The exhibition - LAGI Glasgow - runs at The Lighthouse between 9 June - 29 July. LAGI is an acronym for Land Art Generator Initiative, and the designs on display at the exhibition were created through an open design competition in 2015. Previous LAGI competitions have taken place in the United Arab Emirates (2010), New York (2012), Copenhagen (2014) with another in Los Angeles this year.
Port Dundas was chosen as the potential location for the project by Glasgow City Council and the founding directors of LAGI, and the site is currently being developed through the Canal Regeneration Partnership, made up of Glasgow City Council, Scottish Canals, and Igloo Regeneration. The partnership plans to create an area with new homes as well as creative and leisure industries to complement neighbouring existing facilities such as the Whisky Bond and Pinkston Watersports.

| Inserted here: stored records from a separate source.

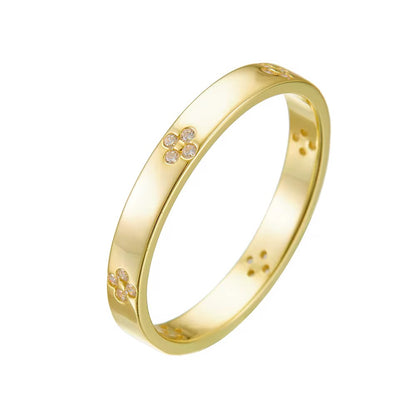 Clover Ring
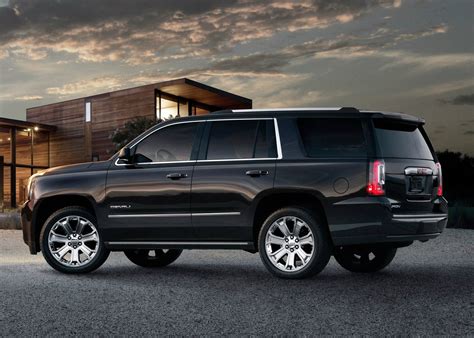 GM Full-Size SUVs Updated for the 2015i Model Year - autoevolution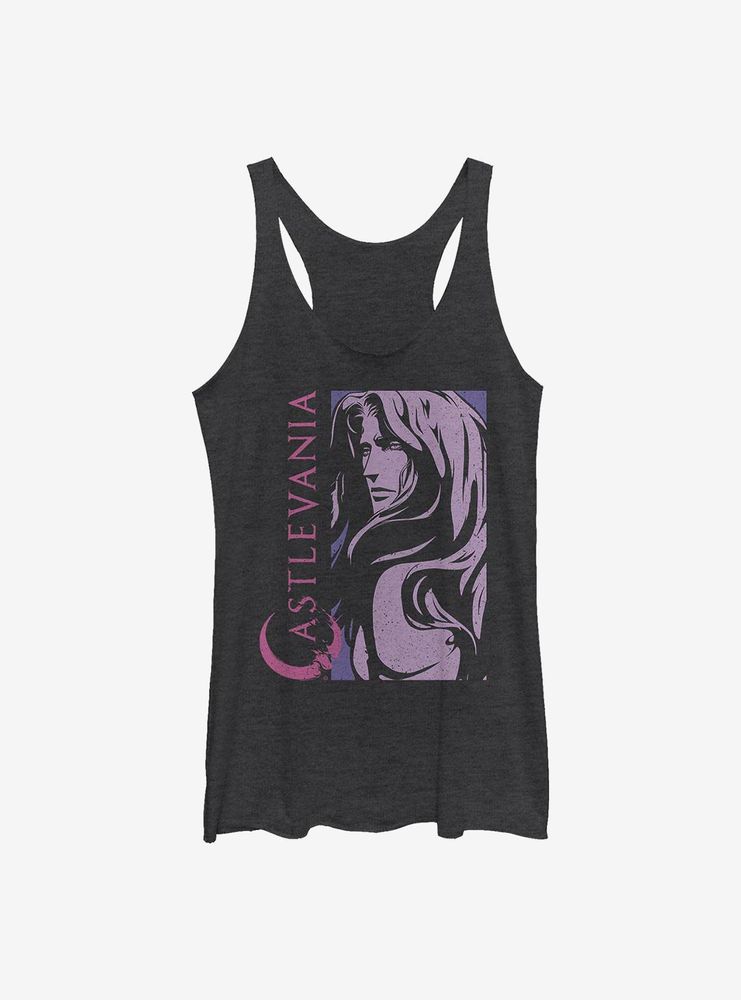 Castlevania Poster Womens Tank Top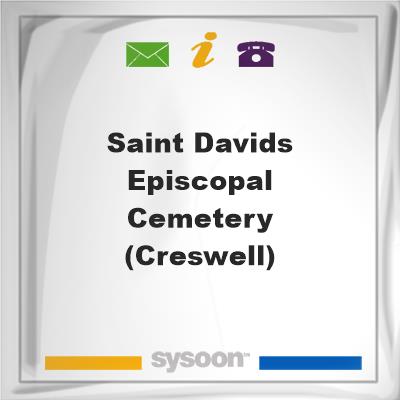 Saint Davids Episcopal Cemetery (Creswell), Saint Davids Episcopal Cemetery (Creswell)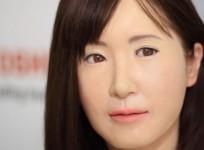 Toshiba's Newest Robot Geisha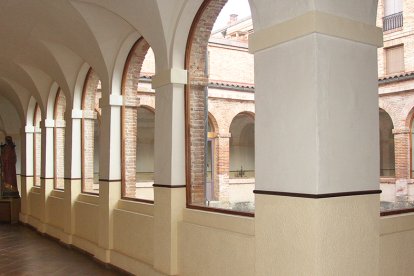 Claustro del Carmen en El Burgo de Osma.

Following a briefing session on the Port Dundas LAGI project at the Whisky Bond, high quality expressions of interest were received from 12 teams comprised of different practitioners, including landscape architects, architects, artists, poets, engineers and science educators. A selection panel, comprising representatives of the Canal Regeneration Partnership, Ian Gilzean, Chief Architect for Scotland, and others, selected a shortlist of three teams to move to the project's next stage.
The shortlisted teams were then paired with a past international LAGI competition team to finalise each proposal. Stallan Brand, Pidgin Perfect, Glasgow Science Festival/University of Glasgow worked with Matthew Rosenberg of M-Rad (Los Angeles); ZM Architecture, Dalziel+Scullion and Qmulus Ltd renewables engineers worked with Peter Yeadon of Yeadon Space Agency (New York); and ERZ, Alec Finlay and partners worked with Riccardo Mariano of Studio Olafur Eliasson (Berlin). All made site visits to Port Dundas and presentations at a three-day workshop held in Glasgow in November 2015.
The first of these teams developed a proposed titled Dundas Dandelion; the second developed Windforest; and the third developed Watergaw. Each of these were very strong proposals that would have made a great contribution to the regeneration of Port Dundas, and Windforest was selected as the proposal to be taken forward at this stage.
This next stage will see the Canal Regeneration Partnership work with the selected team to move to a detailed design proposal, undertaking a business plan, developing a fundraising strategy and delivery model, and engage with relevant partners. The outcomes of the overall design process will be shared with other regeneration projects, as well as schools and other education programmes.
Councillor George Redmond, Executive Member for Jobs, Business and Investment at Glasgow City Council, said: "The regeneration of the canal in Glasgow offers the opportunity to look at achieving our aims for the area in new ways, and the fantastic designs on show at this exhibition will illustrate what could be done by local talent as we continue the renaissance of the canal banks. Recent development of the canal in this part of the city has been defined by innovative approaches to housing and cultural spaces, and LAGI Glasgow is very much in the spirit of this."
Steve Dunlop, Chief Executive of Scottish Canals, said: "The nation's inland waterways are catalysts for renewal in North Glasgow and as such, it's great to see them being used in exciting new ways which benefit local people. The canals were imagined by bold, innovative thinkers 250 years ago but today they are diverse places where leisure, tourism, sport, renewable energy and works of art thrive."
Chris Brown, Executive Chairman of Igloo Regeneration, said: "Port Dundas is fast becoming a place for the pioneer. LAGI fits perfectly with this philosophy and demonstrates a truly innovative way of green energy and public art helping to shape a regeneration project from the start, whilst stimulating real debate amongst participants and project partners about the roles of architecture, art, urban design and planning."
The Land Art Generator Initiative (LAGI) is an international design process which has created a new portfolio of ideas for cities and urban landscapes by providing a platform for interdisciplinary teams to conceive of renewable energy power plants as creative placemaking opportunities for public space. The installations designed have the ability to offer added social, cultural and economic value to neighbourhoods and cities, in addition to producing carbon-free electricity.
LAGI Glasgow is part of the city's contribution to the Year of Innovation, Architecture and Design.